Dataset entries
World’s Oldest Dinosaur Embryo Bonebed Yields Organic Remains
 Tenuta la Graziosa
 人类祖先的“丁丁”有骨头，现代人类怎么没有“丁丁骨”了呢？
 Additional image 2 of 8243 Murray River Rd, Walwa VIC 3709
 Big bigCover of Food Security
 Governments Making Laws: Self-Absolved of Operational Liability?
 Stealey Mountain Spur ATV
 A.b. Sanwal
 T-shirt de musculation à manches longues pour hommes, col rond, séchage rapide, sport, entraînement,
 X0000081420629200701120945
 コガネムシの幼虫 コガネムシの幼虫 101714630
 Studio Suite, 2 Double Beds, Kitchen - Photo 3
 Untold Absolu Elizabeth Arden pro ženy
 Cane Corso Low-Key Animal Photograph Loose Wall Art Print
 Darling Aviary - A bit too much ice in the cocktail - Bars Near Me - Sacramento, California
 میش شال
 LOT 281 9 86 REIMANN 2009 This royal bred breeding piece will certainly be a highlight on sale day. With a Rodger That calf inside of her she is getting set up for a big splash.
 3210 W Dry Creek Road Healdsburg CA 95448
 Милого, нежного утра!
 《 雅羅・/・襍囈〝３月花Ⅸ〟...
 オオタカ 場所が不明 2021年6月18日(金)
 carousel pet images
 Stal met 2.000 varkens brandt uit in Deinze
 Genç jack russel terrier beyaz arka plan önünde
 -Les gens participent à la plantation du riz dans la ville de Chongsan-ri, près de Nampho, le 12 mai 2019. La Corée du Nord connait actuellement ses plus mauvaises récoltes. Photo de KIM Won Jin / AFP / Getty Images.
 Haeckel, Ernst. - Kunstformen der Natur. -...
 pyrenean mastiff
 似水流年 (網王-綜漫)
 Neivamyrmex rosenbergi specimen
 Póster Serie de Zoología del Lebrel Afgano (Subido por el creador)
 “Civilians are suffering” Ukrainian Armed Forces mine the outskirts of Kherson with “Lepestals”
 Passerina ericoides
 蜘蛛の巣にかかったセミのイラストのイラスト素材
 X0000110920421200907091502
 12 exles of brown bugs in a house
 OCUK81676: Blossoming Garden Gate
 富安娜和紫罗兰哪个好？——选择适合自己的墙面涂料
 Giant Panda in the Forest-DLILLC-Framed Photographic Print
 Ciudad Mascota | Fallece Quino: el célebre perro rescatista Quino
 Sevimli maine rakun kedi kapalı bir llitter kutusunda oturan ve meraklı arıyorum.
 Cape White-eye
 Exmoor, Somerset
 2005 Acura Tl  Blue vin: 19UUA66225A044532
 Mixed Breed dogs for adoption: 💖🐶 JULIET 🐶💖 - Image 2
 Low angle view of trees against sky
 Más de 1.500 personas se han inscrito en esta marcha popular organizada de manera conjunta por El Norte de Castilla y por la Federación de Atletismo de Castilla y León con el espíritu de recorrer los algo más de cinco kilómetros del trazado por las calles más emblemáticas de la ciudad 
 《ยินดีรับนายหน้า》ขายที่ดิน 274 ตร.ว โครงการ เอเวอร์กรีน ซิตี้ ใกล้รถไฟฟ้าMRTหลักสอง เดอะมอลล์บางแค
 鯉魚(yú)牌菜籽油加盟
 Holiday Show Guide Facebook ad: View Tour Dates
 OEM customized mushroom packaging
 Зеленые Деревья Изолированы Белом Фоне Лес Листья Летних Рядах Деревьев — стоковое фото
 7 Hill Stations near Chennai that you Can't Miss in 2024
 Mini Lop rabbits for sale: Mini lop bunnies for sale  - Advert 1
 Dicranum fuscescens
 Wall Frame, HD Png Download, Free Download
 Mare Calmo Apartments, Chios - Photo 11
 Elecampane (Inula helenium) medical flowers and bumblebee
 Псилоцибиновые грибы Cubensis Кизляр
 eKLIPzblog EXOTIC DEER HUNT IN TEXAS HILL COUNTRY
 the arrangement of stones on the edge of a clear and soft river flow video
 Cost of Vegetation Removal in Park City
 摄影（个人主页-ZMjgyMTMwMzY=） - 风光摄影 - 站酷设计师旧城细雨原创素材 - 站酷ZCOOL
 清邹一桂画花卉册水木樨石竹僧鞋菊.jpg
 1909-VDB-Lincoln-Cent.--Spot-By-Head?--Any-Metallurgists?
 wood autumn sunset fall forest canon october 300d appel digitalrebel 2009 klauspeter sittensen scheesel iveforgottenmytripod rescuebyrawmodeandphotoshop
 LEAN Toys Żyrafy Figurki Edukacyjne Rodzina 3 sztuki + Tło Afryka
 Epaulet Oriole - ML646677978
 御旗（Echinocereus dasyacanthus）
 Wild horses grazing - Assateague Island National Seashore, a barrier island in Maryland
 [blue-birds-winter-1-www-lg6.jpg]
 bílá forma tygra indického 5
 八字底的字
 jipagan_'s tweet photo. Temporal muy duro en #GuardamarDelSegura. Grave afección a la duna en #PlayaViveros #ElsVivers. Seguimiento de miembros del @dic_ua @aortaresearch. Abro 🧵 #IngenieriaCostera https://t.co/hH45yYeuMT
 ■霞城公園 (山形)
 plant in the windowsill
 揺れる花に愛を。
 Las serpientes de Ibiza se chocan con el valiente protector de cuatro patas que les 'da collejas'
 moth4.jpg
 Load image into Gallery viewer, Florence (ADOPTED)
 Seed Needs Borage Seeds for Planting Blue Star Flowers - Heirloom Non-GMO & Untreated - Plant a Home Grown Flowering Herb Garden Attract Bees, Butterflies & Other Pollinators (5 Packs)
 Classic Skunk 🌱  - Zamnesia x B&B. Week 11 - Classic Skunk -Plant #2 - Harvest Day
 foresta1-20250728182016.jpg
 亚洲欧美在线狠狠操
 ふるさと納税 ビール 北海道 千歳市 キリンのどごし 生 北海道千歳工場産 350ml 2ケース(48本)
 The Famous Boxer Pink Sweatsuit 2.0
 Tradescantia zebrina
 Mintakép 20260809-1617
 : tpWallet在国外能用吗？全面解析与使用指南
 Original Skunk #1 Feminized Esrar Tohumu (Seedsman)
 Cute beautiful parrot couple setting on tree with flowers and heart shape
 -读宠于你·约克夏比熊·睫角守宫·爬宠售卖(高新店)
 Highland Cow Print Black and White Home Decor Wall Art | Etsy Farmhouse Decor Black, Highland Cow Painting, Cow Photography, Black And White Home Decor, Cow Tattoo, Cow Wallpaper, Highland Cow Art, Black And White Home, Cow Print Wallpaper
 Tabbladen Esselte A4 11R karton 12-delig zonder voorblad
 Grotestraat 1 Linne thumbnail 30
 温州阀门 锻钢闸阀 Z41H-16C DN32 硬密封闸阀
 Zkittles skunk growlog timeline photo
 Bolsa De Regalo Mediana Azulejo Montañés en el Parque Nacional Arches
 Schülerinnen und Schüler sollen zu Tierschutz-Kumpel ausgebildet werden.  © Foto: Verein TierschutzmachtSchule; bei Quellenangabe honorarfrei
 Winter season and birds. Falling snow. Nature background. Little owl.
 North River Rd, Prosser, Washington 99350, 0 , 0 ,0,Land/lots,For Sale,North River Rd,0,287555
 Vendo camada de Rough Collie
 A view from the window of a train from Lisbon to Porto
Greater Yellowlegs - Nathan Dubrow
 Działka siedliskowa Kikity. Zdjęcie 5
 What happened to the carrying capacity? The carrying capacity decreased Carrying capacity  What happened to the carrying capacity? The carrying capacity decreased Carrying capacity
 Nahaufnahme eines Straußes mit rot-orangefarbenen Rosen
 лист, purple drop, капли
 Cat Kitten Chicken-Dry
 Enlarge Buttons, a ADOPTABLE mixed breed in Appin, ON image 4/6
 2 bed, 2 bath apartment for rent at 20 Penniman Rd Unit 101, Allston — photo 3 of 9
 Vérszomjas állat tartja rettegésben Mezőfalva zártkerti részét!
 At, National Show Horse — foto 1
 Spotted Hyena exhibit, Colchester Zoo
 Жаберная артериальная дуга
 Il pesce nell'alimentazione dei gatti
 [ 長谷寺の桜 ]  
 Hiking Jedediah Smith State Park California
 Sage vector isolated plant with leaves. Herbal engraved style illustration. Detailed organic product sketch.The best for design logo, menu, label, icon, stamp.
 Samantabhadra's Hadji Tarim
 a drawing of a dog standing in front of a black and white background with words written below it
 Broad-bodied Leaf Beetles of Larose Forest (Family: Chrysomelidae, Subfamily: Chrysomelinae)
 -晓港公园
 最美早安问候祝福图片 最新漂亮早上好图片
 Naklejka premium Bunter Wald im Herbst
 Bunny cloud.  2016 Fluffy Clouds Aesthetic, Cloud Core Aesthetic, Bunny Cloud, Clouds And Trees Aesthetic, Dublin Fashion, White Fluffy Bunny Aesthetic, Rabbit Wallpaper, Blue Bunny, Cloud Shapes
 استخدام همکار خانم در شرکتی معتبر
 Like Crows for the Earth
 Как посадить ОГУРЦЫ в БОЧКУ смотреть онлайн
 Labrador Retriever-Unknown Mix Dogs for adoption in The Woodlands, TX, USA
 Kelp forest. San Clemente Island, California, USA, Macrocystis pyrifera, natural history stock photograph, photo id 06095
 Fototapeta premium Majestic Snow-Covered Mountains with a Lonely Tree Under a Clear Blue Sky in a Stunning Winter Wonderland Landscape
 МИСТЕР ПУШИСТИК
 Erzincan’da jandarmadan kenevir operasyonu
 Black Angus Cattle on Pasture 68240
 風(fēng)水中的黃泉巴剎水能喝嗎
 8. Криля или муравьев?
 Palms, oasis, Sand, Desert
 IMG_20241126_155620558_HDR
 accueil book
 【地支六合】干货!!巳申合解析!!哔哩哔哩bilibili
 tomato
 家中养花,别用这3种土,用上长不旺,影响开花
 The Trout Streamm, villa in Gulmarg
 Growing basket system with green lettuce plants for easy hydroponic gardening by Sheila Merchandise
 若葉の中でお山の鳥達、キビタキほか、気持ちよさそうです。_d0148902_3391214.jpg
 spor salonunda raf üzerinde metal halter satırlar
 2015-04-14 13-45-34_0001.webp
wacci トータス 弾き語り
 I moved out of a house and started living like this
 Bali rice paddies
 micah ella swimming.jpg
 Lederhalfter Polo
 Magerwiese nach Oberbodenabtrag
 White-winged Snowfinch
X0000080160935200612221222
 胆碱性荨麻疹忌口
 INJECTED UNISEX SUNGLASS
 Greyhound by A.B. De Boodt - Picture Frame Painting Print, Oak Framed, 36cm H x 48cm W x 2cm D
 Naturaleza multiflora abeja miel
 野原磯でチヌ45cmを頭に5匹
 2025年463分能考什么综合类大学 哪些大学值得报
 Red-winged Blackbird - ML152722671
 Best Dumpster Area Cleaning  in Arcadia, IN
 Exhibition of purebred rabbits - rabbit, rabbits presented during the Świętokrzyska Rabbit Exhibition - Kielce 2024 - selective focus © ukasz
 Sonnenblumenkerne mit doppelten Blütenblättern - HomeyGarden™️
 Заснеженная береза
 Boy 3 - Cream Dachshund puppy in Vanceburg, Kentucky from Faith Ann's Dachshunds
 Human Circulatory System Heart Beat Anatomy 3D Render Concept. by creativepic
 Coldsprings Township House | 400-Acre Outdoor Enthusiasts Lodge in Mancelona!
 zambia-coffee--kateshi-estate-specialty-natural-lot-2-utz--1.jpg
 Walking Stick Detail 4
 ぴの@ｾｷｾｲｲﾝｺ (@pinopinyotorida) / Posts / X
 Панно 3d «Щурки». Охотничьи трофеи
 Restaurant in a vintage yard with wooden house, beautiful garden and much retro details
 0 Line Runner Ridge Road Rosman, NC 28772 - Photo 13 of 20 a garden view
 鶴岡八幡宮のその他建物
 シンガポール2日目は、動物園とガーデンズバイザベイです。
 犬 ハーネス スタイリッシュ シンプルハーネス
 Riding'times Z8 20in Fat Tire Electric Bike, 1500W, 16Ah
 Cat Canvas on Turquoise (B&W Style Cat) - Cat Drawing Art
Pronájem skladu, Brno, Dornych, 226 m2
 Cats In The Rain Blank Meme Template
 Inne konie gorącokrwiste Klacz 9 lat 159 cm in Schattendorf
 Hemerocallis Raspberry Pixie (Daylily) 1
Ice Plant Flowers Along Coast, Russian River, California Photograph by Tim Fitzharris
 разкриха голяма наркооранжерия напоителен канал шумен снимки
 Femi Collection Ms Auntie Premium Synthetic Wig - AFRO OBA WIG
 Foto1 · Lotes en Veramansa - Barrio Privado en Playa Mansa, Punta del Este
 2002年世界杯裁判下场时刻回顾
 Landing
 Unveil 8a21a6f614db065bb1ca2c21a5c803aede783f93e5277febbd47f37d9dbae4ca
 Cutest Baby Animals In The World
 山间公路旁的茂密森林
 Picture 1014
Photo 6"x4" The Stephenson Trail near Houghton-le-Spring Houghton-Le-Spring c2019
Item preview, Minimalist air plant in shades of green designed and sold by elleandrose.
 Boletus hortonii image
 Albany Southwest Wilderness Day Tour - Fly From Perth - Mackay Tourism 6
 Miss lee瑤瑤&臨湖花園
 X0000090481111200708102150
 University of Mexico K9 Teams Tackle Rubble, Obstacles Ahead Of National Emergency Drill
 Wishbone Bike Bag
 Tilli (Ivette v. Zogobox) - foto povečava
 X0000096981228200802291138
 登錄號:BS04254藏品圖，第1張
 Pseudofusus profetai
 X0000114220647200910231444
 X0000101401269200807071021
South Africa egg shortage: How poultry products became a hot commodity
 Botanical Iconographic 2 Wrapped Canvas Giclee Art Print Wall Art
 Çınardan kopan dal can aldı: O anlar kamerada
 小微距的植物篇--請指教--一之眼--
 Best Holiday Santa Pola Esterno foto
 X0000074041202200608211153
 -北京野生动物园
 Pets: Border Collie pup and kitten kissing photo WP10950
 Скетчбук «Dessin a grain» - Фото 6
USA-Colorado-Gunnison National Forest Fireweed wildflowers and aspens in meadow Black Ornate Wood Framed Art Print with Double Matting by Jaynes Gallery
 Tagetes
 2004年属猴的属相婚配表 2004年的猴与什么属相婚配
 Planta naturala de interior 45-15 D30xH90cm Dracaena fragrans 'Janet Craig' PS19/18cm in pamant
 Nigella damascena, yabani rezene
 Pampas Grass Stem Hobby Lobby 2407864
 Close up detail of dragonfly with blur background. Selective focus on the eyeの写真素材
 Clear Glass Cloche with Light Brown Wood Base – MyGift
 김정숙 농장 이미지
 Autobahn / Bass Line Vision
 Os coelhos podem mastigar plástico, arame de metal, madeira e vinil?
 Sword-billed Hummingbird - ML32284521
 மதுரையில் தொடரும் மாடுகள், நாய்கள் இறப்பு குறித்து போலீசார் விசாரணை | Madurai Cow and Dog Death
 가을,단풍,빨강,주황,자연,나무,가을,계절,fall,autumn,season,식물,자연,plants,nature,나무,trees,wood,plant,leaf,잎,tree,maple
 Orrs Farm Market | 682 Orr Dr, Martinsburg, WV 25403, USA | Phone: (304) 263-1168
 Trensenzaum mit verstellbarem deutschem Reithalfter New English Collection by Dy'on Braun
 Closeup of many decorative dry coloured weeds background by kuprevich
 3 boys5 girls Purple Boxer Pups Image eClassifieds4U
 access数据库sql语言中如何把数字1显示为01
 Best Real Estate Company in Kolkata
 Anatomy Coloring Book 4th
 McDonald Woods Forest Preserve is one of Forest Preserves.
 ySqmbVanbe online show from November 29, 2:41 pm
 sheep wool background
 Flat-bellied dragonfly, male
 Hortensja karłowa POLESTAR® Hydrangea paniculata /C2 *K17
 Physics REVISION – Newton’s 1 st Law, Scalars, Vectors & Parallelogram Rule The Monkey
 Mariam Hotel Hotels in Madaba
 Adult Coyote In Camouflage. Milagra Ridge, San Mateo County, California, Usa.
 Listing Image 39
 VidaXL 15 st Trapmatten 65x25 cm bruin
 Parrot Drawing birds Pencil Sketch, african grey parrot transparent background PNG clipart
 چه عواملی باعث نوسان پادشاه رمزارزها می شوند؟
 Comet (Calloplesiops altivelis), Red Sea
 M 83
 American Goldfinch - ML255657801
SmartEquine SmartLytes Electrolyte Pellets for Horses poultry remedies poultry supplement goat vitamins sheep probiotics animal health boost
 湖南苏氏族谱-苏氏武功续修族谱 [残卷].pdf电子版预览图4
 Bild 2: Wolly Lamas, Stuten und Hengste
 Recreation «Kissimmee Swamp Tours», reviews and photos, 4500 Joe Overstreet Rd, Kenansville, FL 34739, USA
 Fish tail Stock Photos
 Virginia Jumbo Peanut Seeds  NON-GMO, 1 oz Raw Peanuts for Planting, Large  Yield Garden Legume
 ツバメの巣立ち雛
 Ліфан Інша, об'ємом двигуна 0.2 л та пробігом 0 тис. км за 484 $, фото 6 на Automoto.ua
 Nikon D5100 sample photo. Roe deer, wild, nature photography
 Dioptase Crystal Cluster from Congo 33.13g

■ Exercise
From the first line of the records above to the line that contains "Haeckel, Ernst. - Kunstformen", quote each line exactly.

■ Answer to this exercise
World’s Oldest Dinosaur Embryo Bonebed Yields Organic Remains
 Tenuta la Graziosa
 人类祖先的“丁丁”有骨头，现代人类怎么没有“丁丁骨”了呢？
 Additional image 2 of 8243 Murray River Rd, Walwa VIC 3709
 Big bigCover of Food Security
 Governments Making Laws: Self-Absolved of Operational Liability?
 Stealey Mountain Spur ATV
 A.b. Sanwal
 T-shirt de musculation à manches longues pour hommes, col rond, séchage rapide, sport, entraînement,
 X0000081420629200701120945
 コガネムシの幼虫 コガネムシの幼虫 101714630
 Studio Suite, 2 Double Beds, Kitchen - Photo 3
 Untold Absolu Elizabeth Arden pro ženy
 Cane Corso Low-Key Animal Photograph Loose Wall Art Print
 Darling Aviary - A bit too much ice in the cocktail - Bars Near Me - Sacramento, California
 میش شال
 LOT 281 9 86 REIMANN 2009 This royal bred breeding piece will certainly be a highlight on sale day. With a Rodger That calf inside of her she is getting set up for a big splash.
 3210 W Dry Creek Road Healdsburg CA 95448
 Милого, нежного утра!
 《 雅羅・/・襍囈〝３月花Ⅸ〟...
 オオタカ 場所が不明 2021年6月18日(金)
 carousel pet images
 Stal met 2.000 varkens brandt uit in Deinze
 Genç jack russel terrier beyaz arka plan önünde
 -Les gens participent à la plantation du riz dans la ville de Chongsan-ri, près de Nampho, le 12 mai 2019. La Corée du Nord connait actuellement ses plus mauvaises récoltes. Photo de KIM Won Jin / AFP / Getty Images.
 Haeckel, Ernst. - Kunstformen der Natur. -...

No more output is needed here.